The phrase “the terrorists are going dark” has come back in vogue after the Paris attacks, referring to assertions that encryption is somehow enabling the communication of future attackers to go undetected. But the public is being presented with a false choice: either we allow law enforcement unfettered access to digital communications, or we let the terrorists win. As always, it is not that simple.
It is true that much of the world’s communication has shifted away from easy-to-intercept text messages and phone calls, to mobile apps, such as WhatsApp, Apple Messages, and Telegram, which provide free worldwide communications and improved privacy and security. Some apps have even added end-to-end “sealed envelope” encryption, putting message contents out of reach of both law enforcement and the service providers themselves.
Even so, there is still a great deal of data available that is not fully encrypted or even encrypted at all—data that allows for the kind of digital detective capabilities that law enforcement seek to catch the bad guys. It is disingenuous on all sides to pretend it does not. Some call this metadata, but considering the volume and detail of data available, there is nothing meta about it. Not all of the approaches to data gathering and intercept are clearly legal. Many app developers (including myself) are actively working to defend against them and close these gaps, as they are often used to unjustly attack and monitor activists, journalists, and even estranged loved ones.
Still, we cannot deny that they exist for now, and so, rather than let these data-gathering options linger in the shadows, I’ll enumerate them here.
1) If someone is carrying a mobile phone, their every movement, phone call, and use of the Internet access is being tracked and logged by the mobile service provider. Accessing that data often does not require a warrant, just a phone number and a contact at the phone company.
2) Messaging apps like WhatsApp and Telegram require users to register their accounts with a working telephone number. Use of the app is tied to this number, and to all the phone numbers of the people they are communicating with. See number one for what you can do with a list of phone numbers.

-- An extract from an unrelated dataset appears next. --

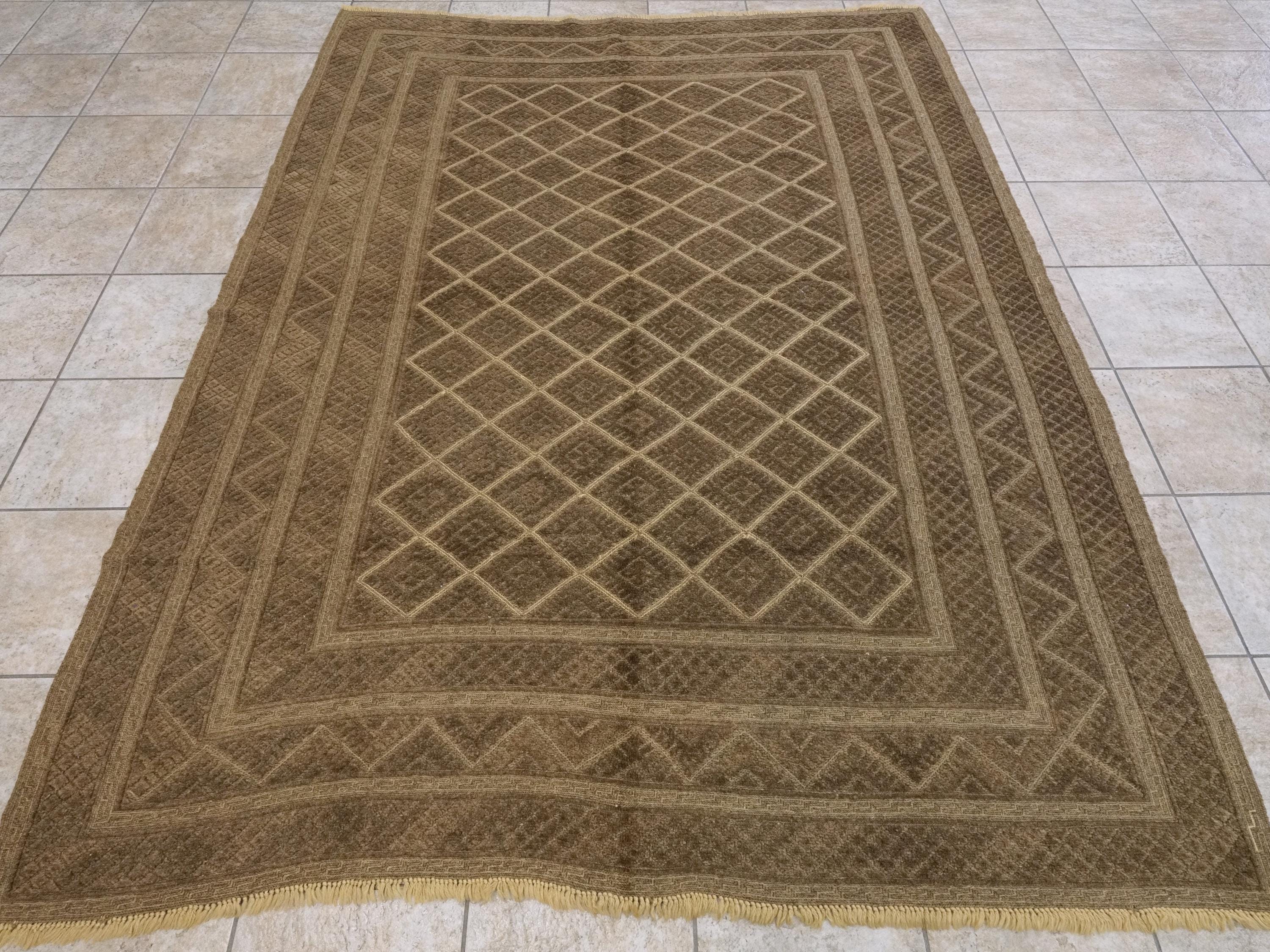 7x9 FT Vintage Brown Tribal Kilim Rug - Hand-Knotted Wool Area Rug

3) The kind of encryption implemented in mainstream apps today is not automatic. Even in well-regarded implementations by WhatsApp and Apple, knowing when and how encryption is active and verified is unclear. It is likely possible to disable access to or reduce the strength of encryption on a per-user basis, without the user knowing.
4) Even an end-to-end encrypted chat can be monitored if the app supports group chat or syncing conversations between multiple devices. If you can compel the app service provider to add a new device to an account or participant into a group without notifying existing users, then you are in.
5) Full storage encryption of smartphones is not on by default for Android, and only in effect on iOS when the device is powered off. Most of these apps are not password-protected on the device itself. Get access to a phone with the screen unlocked, or crack the screen lock app itself, and you are in. Compel the owner of a fingerprint-locked device to unlock it with their thumbprint, and you are in. Trick the user into installing (or force their app store to do so) a keystroke-logging keyboard or a hidden surveillance app and you are in.
6) Most cloud data is only encrypted to protect it from outside attackers, and not from the service provider themselves. Some services say, “We encrypt data at rest in the cloud,” but they mean they do so with an encryption key that they hold, not one the user holds. Rather than backdoor the messages in real time, just get access to a cloud backup of all the messages, contacts, calendars, photos, location data, and more that users often unwittingly store there.
Whether we like it or not, the opportunities for targeted surveillance of digital communications are vast and deep, within both clearly legal and legally gray areas. I am not encouraging legalizing criminal hacking by the police or promoting surreptitious methods for infringing on freedom and privacy. In fact, I am a firm believer that more encryption is needed, to strengthen our personal privacy and defend against actual cybersecurity threats. Fundamentally, I hope that through deeper understanding of the private data that we all constantly generate and expose, there can be more clarity about, and less fear of, the “dark.”
Nathan Freitas leads the Guardian Project, an open-source mobile security software project, and directs technology strategy and training at the Tibet Action Institute. His work at the Berkman Center focuses on tracking the legality and prosecution risks for mobile security app users and developers worldwide.